The fallacy of this assumption, made manifest in the Dora case, surfaces in the
figure of the mother. As Gallop puts it, ‘they [Freud and Dora] think there is still
some place where one can escape the structural exchange of women. They still
believe that there is some mother who is not a governess’ (1982:147). She
concludes, ‘In feminist or symbolic or economic terms the mother/wife is in a
position of substitutability and economic inferiority. For the analysis to pass out
of the imaginary, it must pass through a symbolic third term…a term that
represents a class’ (1982:148).
Gallop draws a comparison between the psychoanalyst and the governess or
maid on the basis that both are paid for their services and dismissed from the family
at the whim of their employer. This connection is one that Freud did not analyse,
because in Dora’s narrative, the governess is seduced and abandoned, a debased
and dirty identification that Freud could not tolerate (Gallop, 1982:147). Yet the
case, both as Freud wrote it and as Gallop interprets it, contains another narrative
of familial contamination, debasement and payment for services, articulated once
again around a related confusion of sexual acts and cleaning practices.

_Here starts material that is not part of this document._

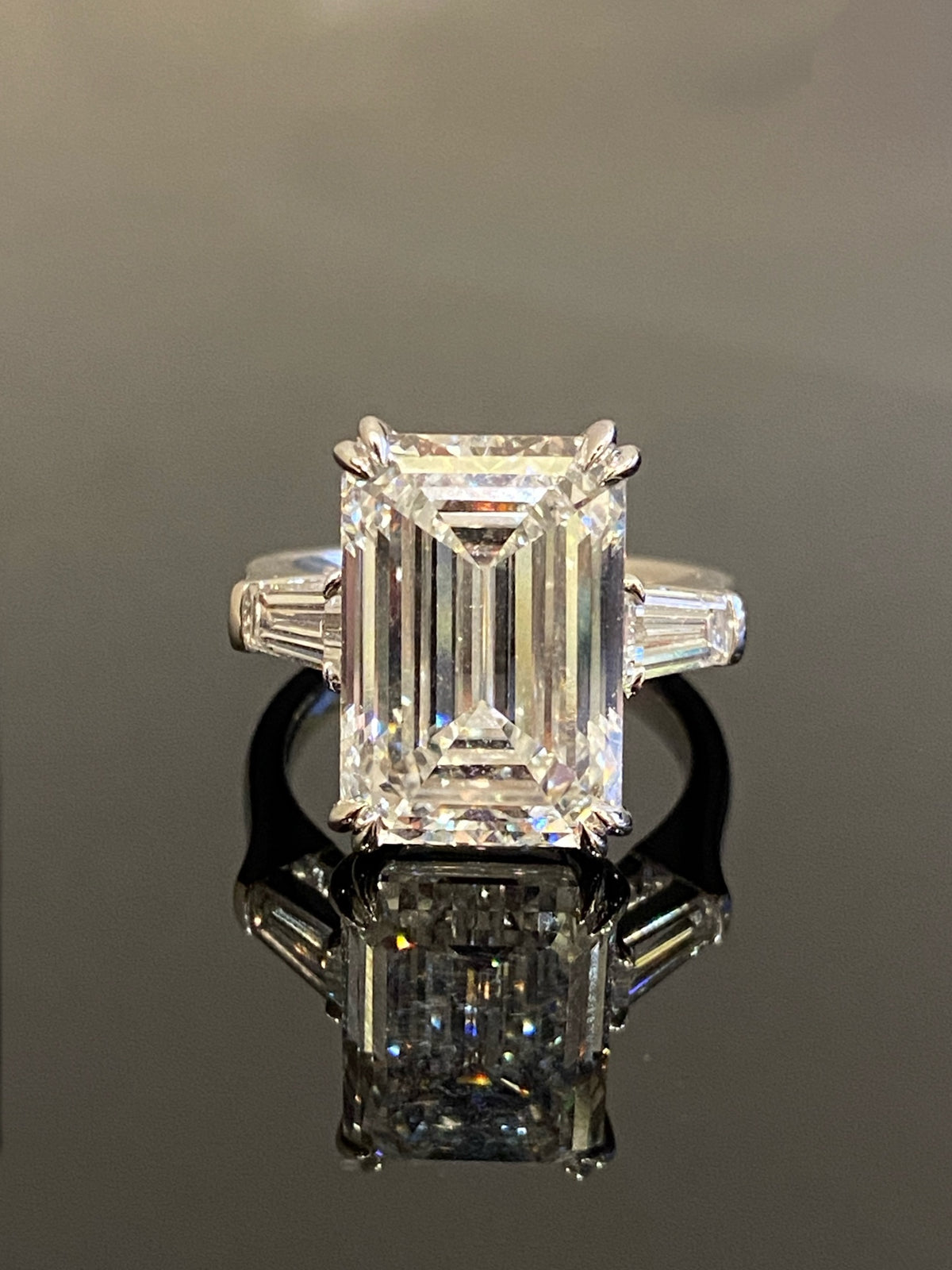 Emerald-cut three-stone diamond ring, original frontal view with double corner prongs and tapered baguette sides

One of the very few comments that Freud makes about Dora’s mother is that
she suffered from ‘housewife’s psychosis’. Felix Deutsch, an analyst who treated
Dora after Freud, observed that this psychosis consisted ‘of obsessional washings
and other kinds of excessive cleanliness’, mannerisms that Dora inherited from
her mother. Deutsch remarks: ‘Dora resembled her [her mother] not only
physically but also in this respect. She and her mother saw the dirt not only in
their surroundings, but also on and within themselves’ (1957/1985:41). Indeed,
Dora’s mother apparently died from cleaning too much: ‘I learned from my
informant… [S]he worked herself to death by her never-ending, daily cleaning
compulsion—a task that nobody else could fulfill to her satisfaction’ (1957/1985:
43).
Writing about the notion of heterosexuality that Dora received from her mother,
Maria Ramas notes that it was ‘equated with contamination and self-destruction’.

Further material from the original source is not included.